Tuesday, August 19, 2014

You lose some...

Working in the addiction wellness field is challenging, often due to misconceptions in regards to the disease. I still occasionally run into folks who believe that addiction is a moral failing. They don’t believe diabetes is a moral failing. They don’t blame people with cancer when they have a relapse of the disease, or just tell them to try harder to get better. All too often, the go to solution for addiction is a 30 day stay at a treatment center, even though this approach doesn’t match the chronic nature of the disease. So the system fails those who suffer.

Where I work, one of our goals is to extend the continuum of care past the initial treatment phase and offer long-term supports and services for those with addiction. It’s worked beautifully and we’ve achieved some great results since we opened our doors in 2009. We love to share those stories and talk about how many more people stay well from addiction and are in recovery at the one-year mark. We know we are affecting positive change in the community and we believe that no one is ever completely incapable of getting better. But the sad reality is that sometimes we lose people. Sometimes life is just too much or the disease has too strong a hold on the brain. Sometimes it’s progressed too fast or too far. Sometimes, they die.

In America, an interest in death is considered odd or morbid and many of us don’t like to talk about death. It’s something we compartmentalize nearly to the point of emotional indifference and then toss around platitudes to comfort each other or express our disbelief that someone actually died. There was plenty of that during the past week, with the news of Robin Williams’ death. I was asked to comment about it for both radio and television programs and found my comments focused on us needing to get over an explanation of how this could happen to such a beloved person and change the dialogue to discussing issues like depression and reaching out for help when we feel hopeless, as those who suffer from depression and addiction often do.

Last week was a difficult week.
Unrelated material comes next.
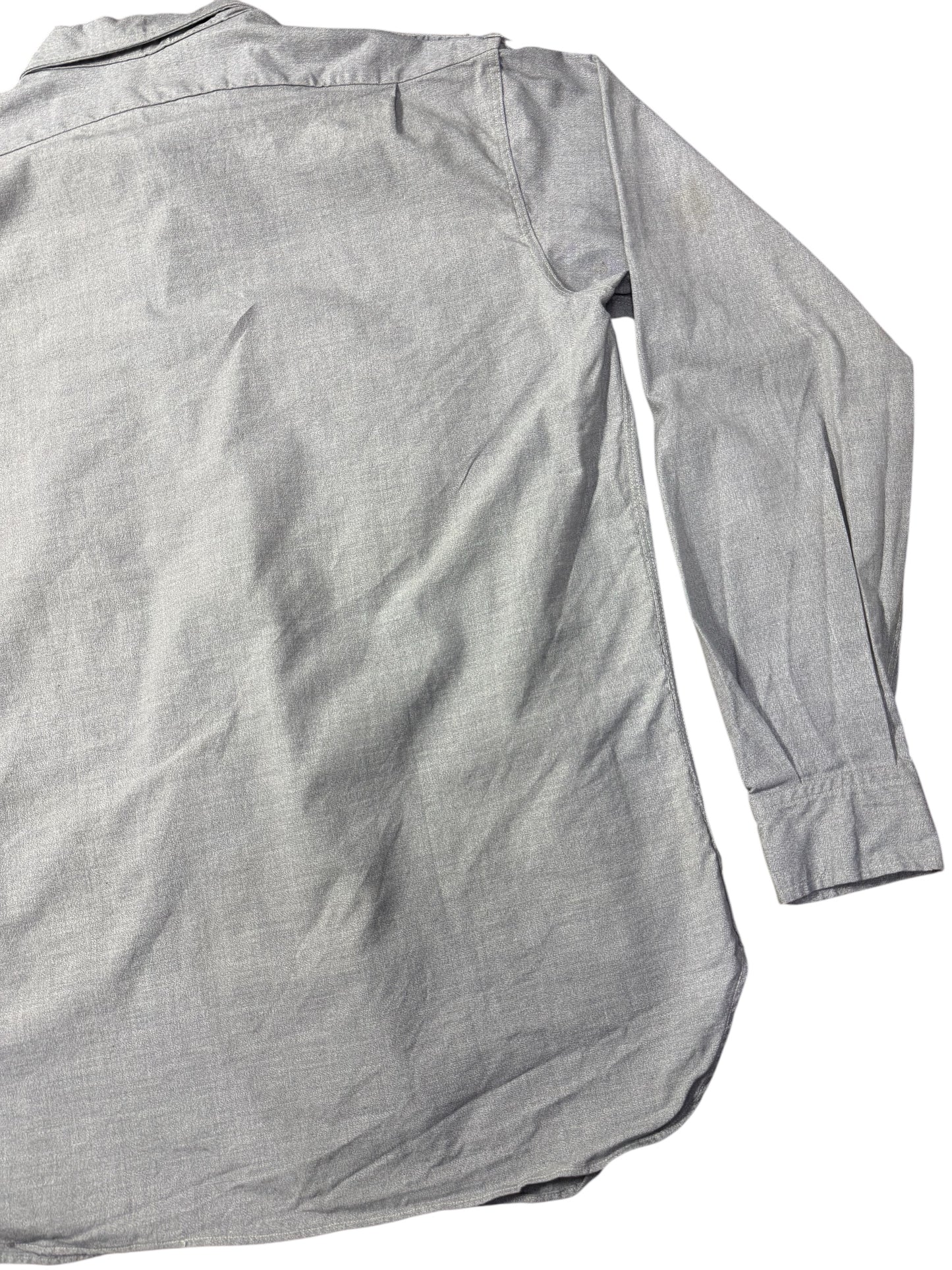 Vintage 1970s Grey Workwear Shirt Military Style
We received news that two of our clients had died. One I didn’t know particularly well, as he received telephone recovery support, so I never saw him in the center. I do know that he completed suicide and my hope for him is freedom from whatever became too intolerable from this life. I do know that this was tough for the volunteers who make those calls to hear. They are peers in recovery who are actively seeking wellness in their lives and they hope to help others find it.

Another gentleman died from complications of another chronic illness he was fighting. He was a character. The first time I met him, he looked me up and down and said, “Nice tatts. I like you,” then walked away, saying “They got the right lady in charge” to no one in particular. He carried many labels—veteran, OG, felon—but he also carried himself proudly and fought his illnesses to the end. He was particularly bonded with his recovery coach and she discovered that she was listed as his emergency contact and asked to help make arrangements. She was the one stable person in his life, the one he could always count on to answer the phone or visit when he needed to vent or was having trouble with his appointments.
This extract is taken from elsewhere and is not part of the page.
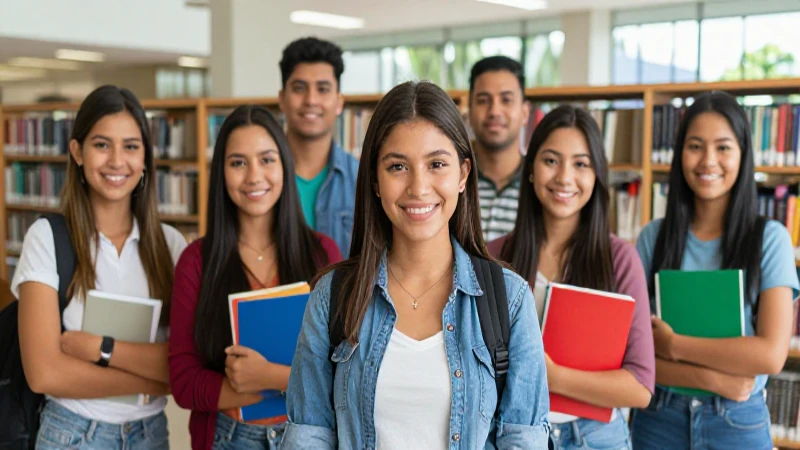 Estudiantes mexicanos triunfantes en biblioteca moderna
It isn’t always easy or fun, but I know we did have some impact on these lives, even if the end results aren’t something to positively report on a stats sheet. When you’re working with people instead of products, success isn’t always easily measurable and when you’re working with sick people, the life milestone of death may be part of the equation.
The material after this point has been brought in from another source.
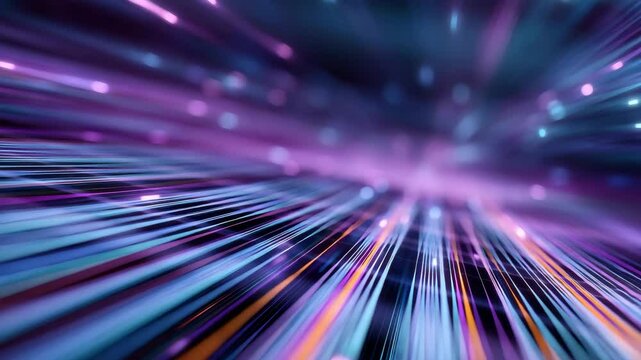 Dynamic Burst of Colorful Light Rays Creating a Vibrant Abstract Visual of Speed and Motion in Digital Environment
I plan on dying someday. At this moment, I don’t know where, when, or how, but of all the things I may think I know about life, my death is something I accept with certainty. I agreed to be born, which means I also agreed to die. We’re all terminal.

That view might help me live more in the moment and not take my life for granted, especially my recovery life and the opportunity I have to help others find recovery and wellness. Most days, I feel like it’s a miracle that there is breath in my lungs. Today was lots of little miracles—a run with the dogs, working on the yard with my Man Friend, eating Icies with my nephew, and listening to Janis Joplin while I type.